Bisnis.com, JAKARTA --Eksekusi mati gelombang kedua terhadap sejumlah terpidana narkoba hingga saat ini masih belum juga terlaksana.
Terlepas dari keberatan dari aspek HAM, tak kecil upaya negara asing yang warganya masuk dalam daftar eksekusi untuk membatalkan eksekusi tersebut.
Di antara negara yang menonjol dengan upaya pembatalan eksekusi itu, Australia dan Brazil mengekspresikan diri dengan caranya masing-masing.
Australia, melalui Menlu Julia Bishop dan PM Tonny Abbott menjalankan sejumlah upaya diplomatik dari cara halus sampai tidak bisa dikatakan halus lagi.
Di antara jurus diplomatik Australia itu adalah dengan menawarkan kerjasama, pertukaran tahanan, hingga (yang membangkitkan kekesalan) adalah dengan mengungkit bantuan yang telah diberikan Australia terkait bencana Tsunami di Aceh.
Sementara, Brazil tampil dengan gaya diplomasi yang tanpa basa basi. Presiden Brazil, yang kini sedang menghadapi ketidakpercayaan publik di negerinya sendiri, Dilma Rouseff langsung tancap gas dengan pernyataannya menolak eksekusi hukuman mati terhadap warganya.
Presiden bernama lengkap Dilma Vana Rousseff juga melakukan protes diplomatis yang tak lazim: menolak menerima surat kepercayaan dan berkuasa penuh Dubes RI Toto Riyanto.
Lantas, bagaimana perilaku para terpidana sendiri? Duo bali Nine yang berkewarganegaan Australia relatif tak bertingkah aneh-aneh dan menjalani semua proses yang sedang berlangsung.
Sementara terpidana dari negara lain, seperti Atlaoui warga Prancis memilh mengajukan PK dan sidangnya di Pengadilan Negeri Tangerang baru akan berlangsung pada 25 Maret 2015. Kedubes Prancis pun akan berjuang agar terpidana yang turut mengelola pabrik ekstasi di Tangerang itu lolos dari vonis mati.

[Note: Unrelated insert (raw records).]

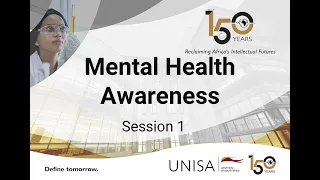 Mental Health Awareness Session 1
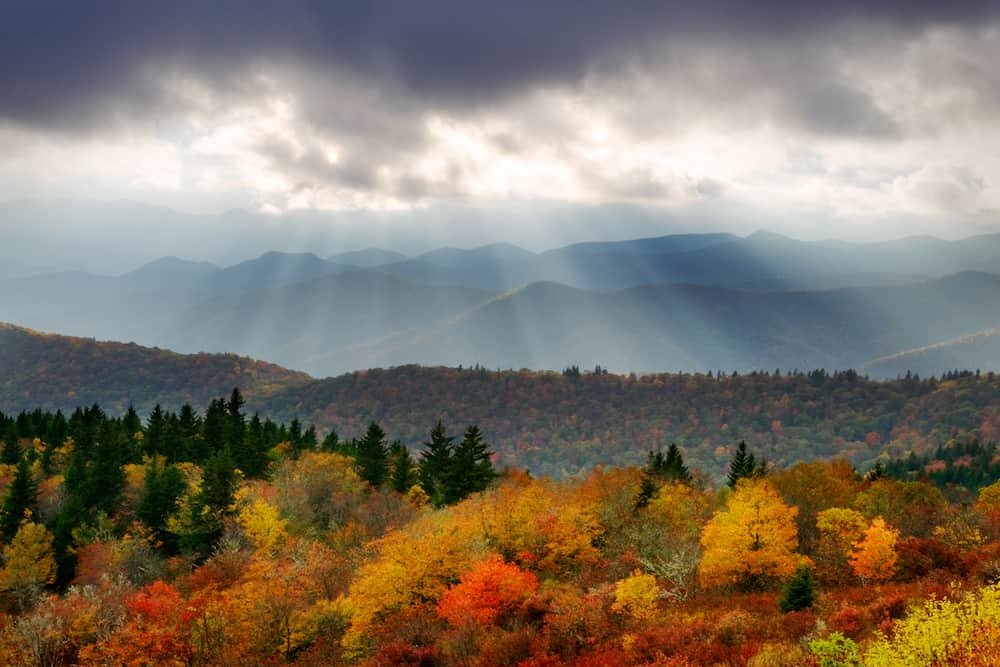 Expert Says North Carolina Could See Stunning Fall Colors if Cool, Sunny Weather Holds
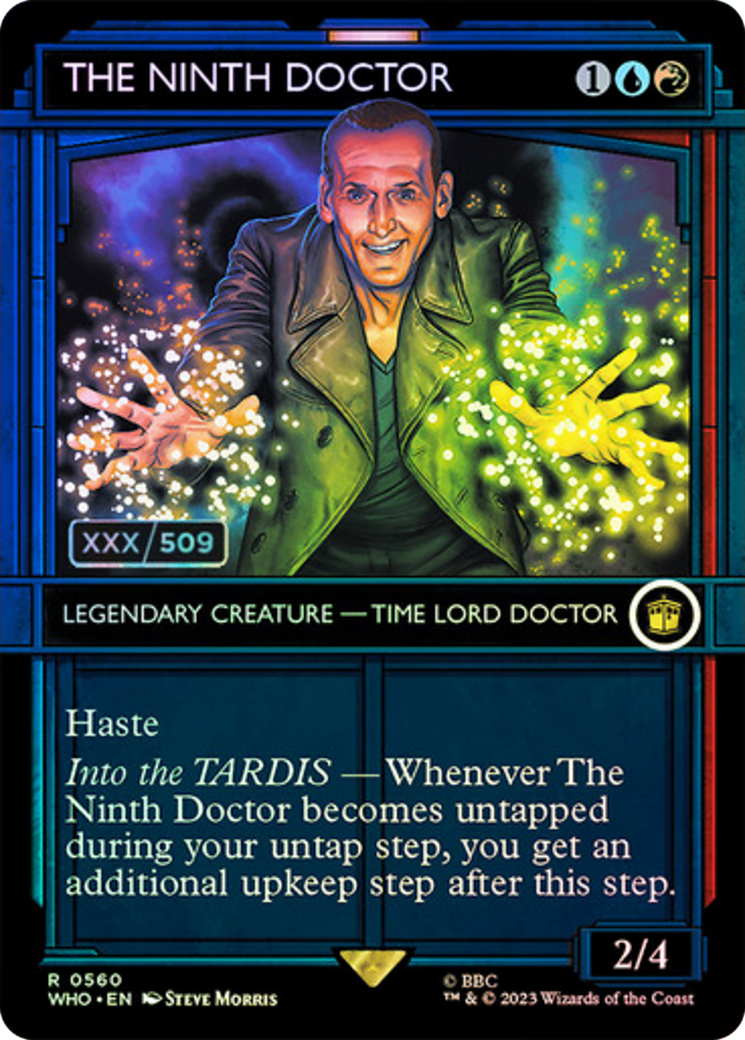 The Ninth Doctor (Serial Numbered) [Doctor Who] | Clutch Gaming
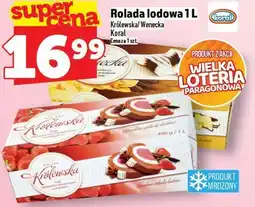 Topaz Rolada lodowa Królewska Koral oferta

Sementara, warga Brazil Rodrigo Gularte tampil dengan kondisi lain. Ia mengaku menderita schizoprenia dan keterangan soal penyakitnya itu datang dari dokter di Negeri Samba, Brazil.
Terkait itu, Kejaksaan Agung meyakini tidak benar bahwa terpidana mati asal Brasil atas nama Rodrigo Gularte, yang sebelumnya dikabarkan mengalami gangguan kejiwaan atau menderita penyakit bipolar.
Menurut Jaksa Agung HM Prasetyo, Rodrigo hanya pura-pura gila agar terhindar dari eksekusi mati yang akan dilaksanakan dalam waktu dekat.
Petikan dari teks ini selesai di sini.